Pyle PLA2678 2 Channel 4000 Watts Bridgeable Mosfet Amplifier
Maximum Power Output 2 x 2000W 2 Ohm Stable Custom Terminal Block for Speaker Connection S/N Ratio: >90dB
Bridgeable RMS Power @ 4 Ohms: 1x4000W MOSFET Power Supply Thermal Overload Short Circuit Protection
2 Channel Bridgeable MOSFET Amplifier PWM ( Pulse-Width-Modulation ) System Input Impedance: 47K Ohms
Frequency Response 20 Hz-50kHz (±3dB) Glass Epoxy PCB Soft Turn On/ Off
Output Power @ 14.4v DC, 50Hz Silver RCA Inputs Advanced Protection Circuitry
Dimensions:10.24"W x 2.21"H x 16.14"L
PYLE PLD15WD 15-Inch 4000 Watt DVC Subwoofer
Custom Titanium Moulded Poly Cone 2.5'' 4 Layer Dual Voice Coil Nominal Impedance: Dual 4 Ohms
Custom Grooved Specially Treated Rubber Surround Moulded Plastic Gasket For Sale:20, Qms:5.03, Qes:0.89, Qts:0.66, Vas (Cu ft)8.689
Diamond Cut Aluminum Die-Cast Basket Spring Loaded Wire Connectors SPL: 92 dB
Dual Stacked Magnet Structure 4000 Watts Peak Power Overall Diameter: 16''
Chrome Mesh Magnet Vent Magnet Weight: 2 x 100 oz. Mounting Depth: 6.40''
(not this exact one but an older model)
AM/FM radio, CD, CD-R/RW, MP3/WMA, SAT/HD-ready, iPod-ready receiver
4 x 52 Watts maximum power with 6-channel pre-amp output
Includes front auxiliary input, remote control
AM/FM radio, CD, CD-R/RW, MP3/WMA, SAT/HD-ready
Ok so heres My Opinion sell all the current equipment you have and get as much towards new equipment . seeing as you dont have alot of electrical mods or budget heres the list :)

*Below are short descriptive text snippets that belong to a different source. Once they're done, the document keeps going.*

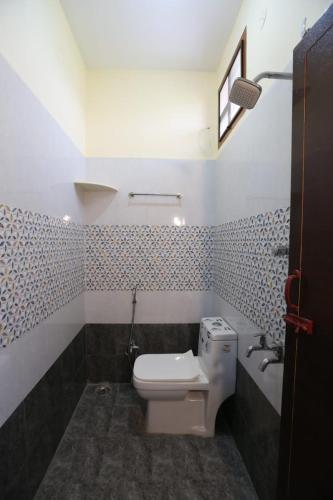 ABOORVA GRAND INN _ HOMESTAY_ ROOMS _RESORT _HOTEL IN KUMBAKONAM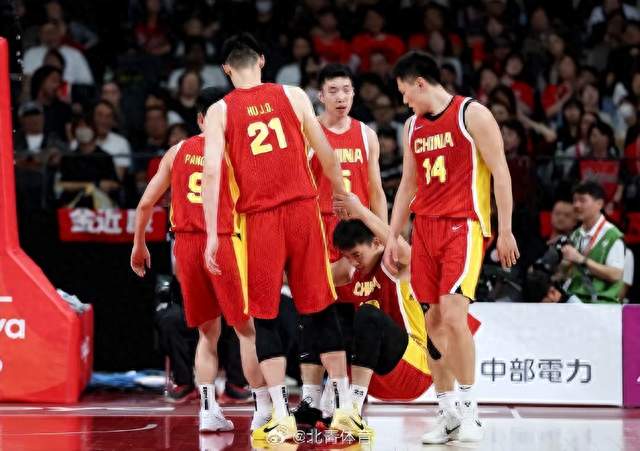 中国男篮回国后原地解散，全队上下都要写总结；本次亚运会创历史第二差的成绩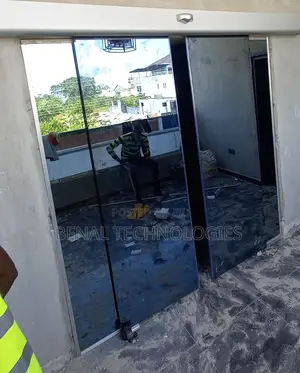 Sliding Door With Automatic Sensor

Amp : Mb Quart Onx1.1500 (true power ratings) 1000@2 Ohms x 1 channel
Also stable at 1 ohm at 1500 rms x 1 channel for future expansion
Sub : Sundown SA -15 Dual 4 ohm sub wired to a 2 ohm load for a real life 500-750 rms
Or a Obsidian audio Dual 4 ohm 15 wires for 2 ohms , 750-800 rms
Headunit : Upgrade to atleast a Pioneer with a pair of 4 volt Preouts ( rca connectors 1 for mids/highs amp , the other to the subwoofer amp ) and atleast a 5 band Equalizer for the cleaner sound all around . High pass filter optional but recommended.
Box: 3 routes here really, a high quality prefabricated box around 3.5-4 cubic feet in volume . Build a custom box (requires a good bit of reading up ) , search Craigslist for someone selling a custom box fitting your needs and that will fit in your car .
and of course, proper wiring,fusing, and all other safety goodies
My record is 1.5 miles from being heard to being seen ;)
how do you change ohm's
gut your interior... that should help
already done lol
also 4 cubic feet, to put that into perspective that is a box that is 2 ft wide x 2 ft tall x and 2 ft deep right?
oooooooh, wow ive been doing option 2 every time i hooked up a sub, no matter what. but i never hooked the positive and negative up like what is shown. ive always went from the amp with (+) - (+) and (-) - (-) and left it like that. so the lower the ohm the less resistance there is against the sub and the more freely it will move, am i right on that.
less resistance more power, 4 cubic feet would be like a 12x24x24 box 12 h 24w 24
to find volume do LxWxH in inches divided by 1728 gives you cubic feet
I've driven mine with nothing but a dash and a drivers seat.... made quite the difference in sound deadening.